Work order:
Please repeat each line from the one holding "CONJUNTO DE GUARDANAPOS" through the final line of the data, exactly as it stands, with no pictures.

=== Provided records ===

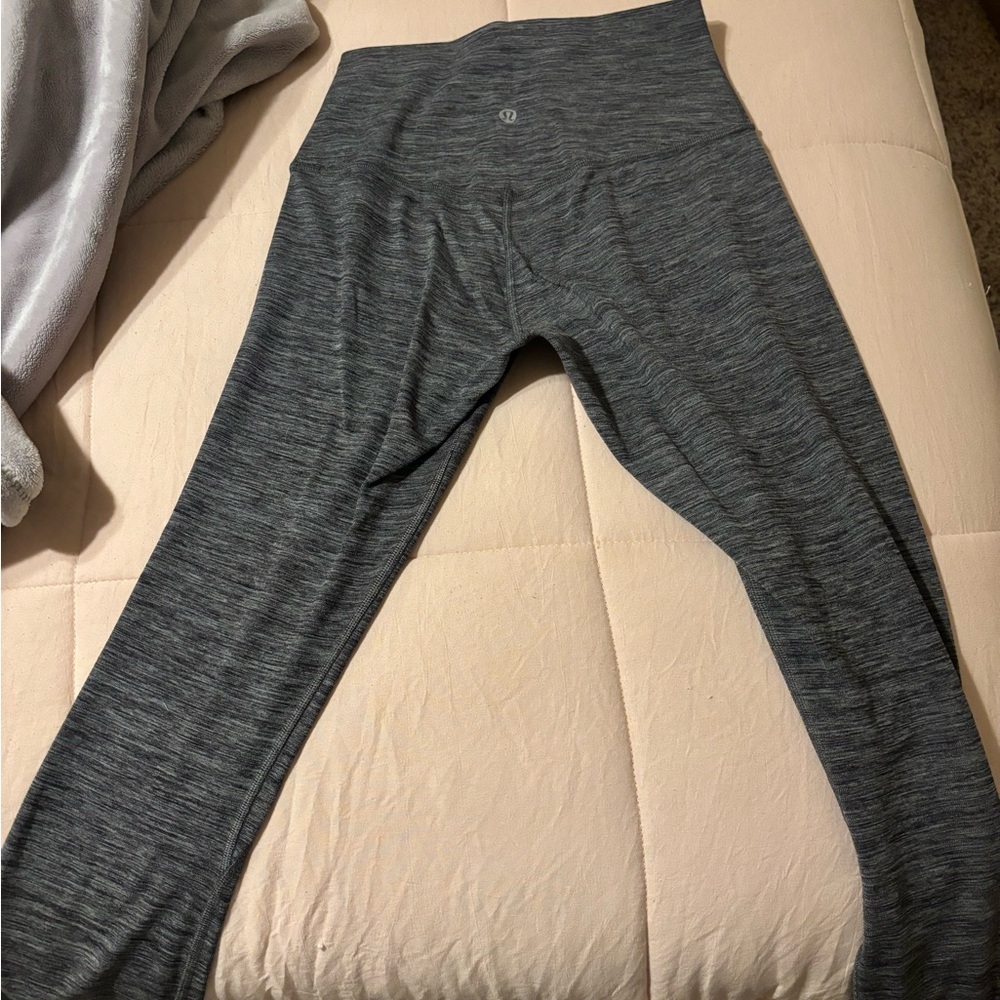 LULULEMON ALIGN leggings, grey, the length is 28!! 🩶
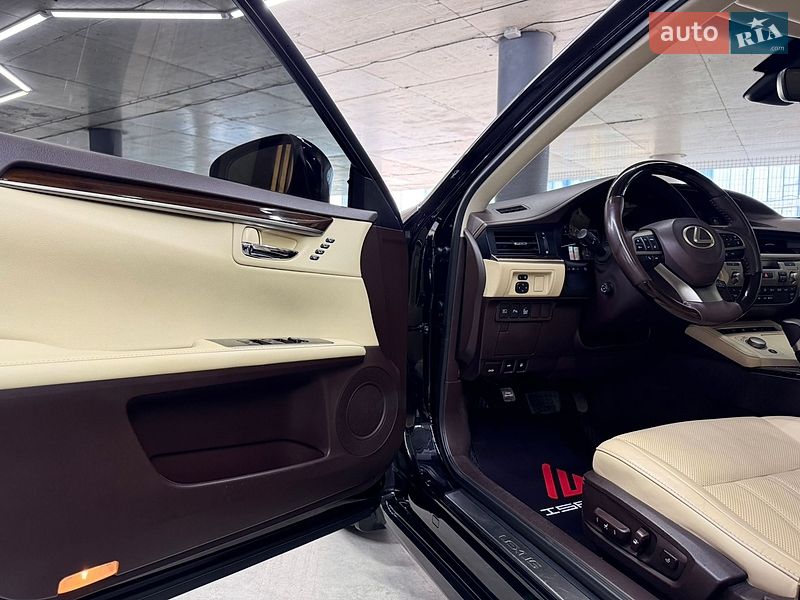 Седан Lexus ES 2018 в Одессе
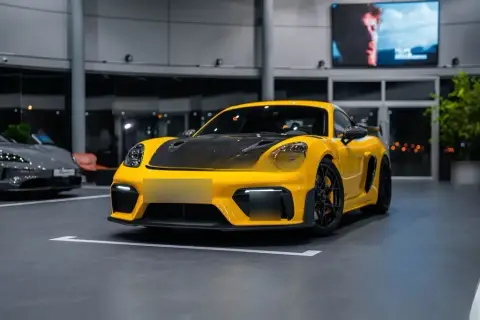 Porsche 718 Cayman GT4 RS 2025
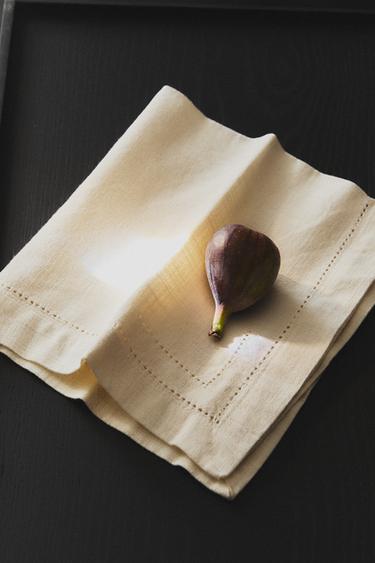 CONJUNTO DE GUARDANAPOS DE ALGODÃO COM ELEMENTO DECORATIVO (CONJUNTO DE 2) - Branco da Zara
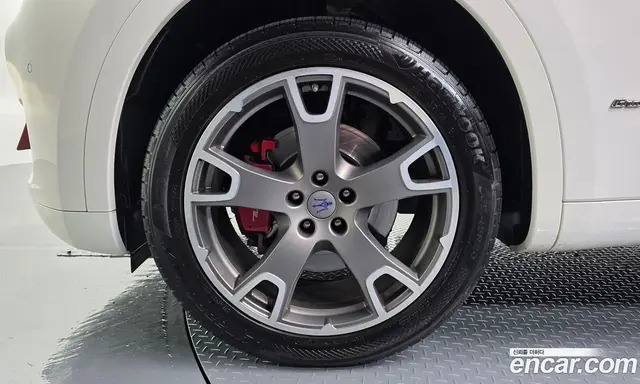 Maserati Levante 2018 3.0 автомат (гидро), миниатюра 5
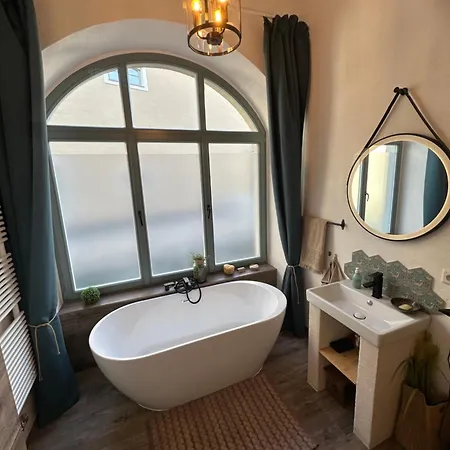 Apartmán Alte Brennerei Schloss Zehista Eg Rittersporn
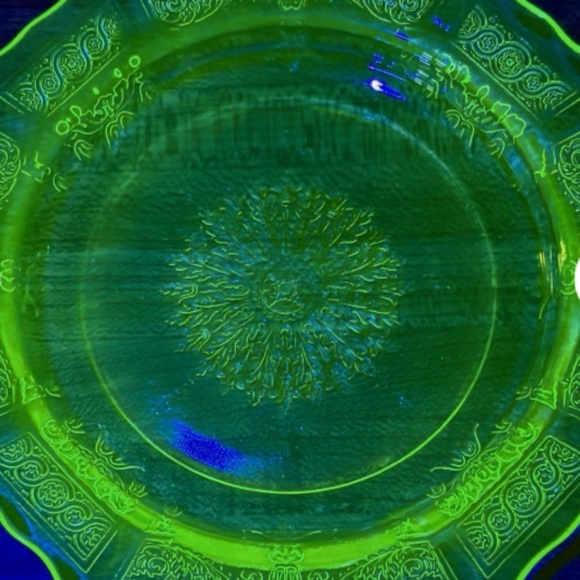 Vintage Uranium Vaseline Depression Glass Anchor Hocking Princess Pattern 8.5” - Picture 1 of 6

===

Task solution:
 CONJUNTO DE GUARDANAPOS DE ALGODÃO COM ELEMENTO DECORATIVO (CONJUNTO DE 2) - Branco da Zara
 Maserati Levante 2018 3.0 автомат (гидро), миниатюра 5
 Apartmán Alte Brennerei Schloss Zehista Eg Rittersporn
 Vintage Uranium Vaseline Depression Glass Anchor Hocking Princess Pattern 8.5” - Picture 1 of 6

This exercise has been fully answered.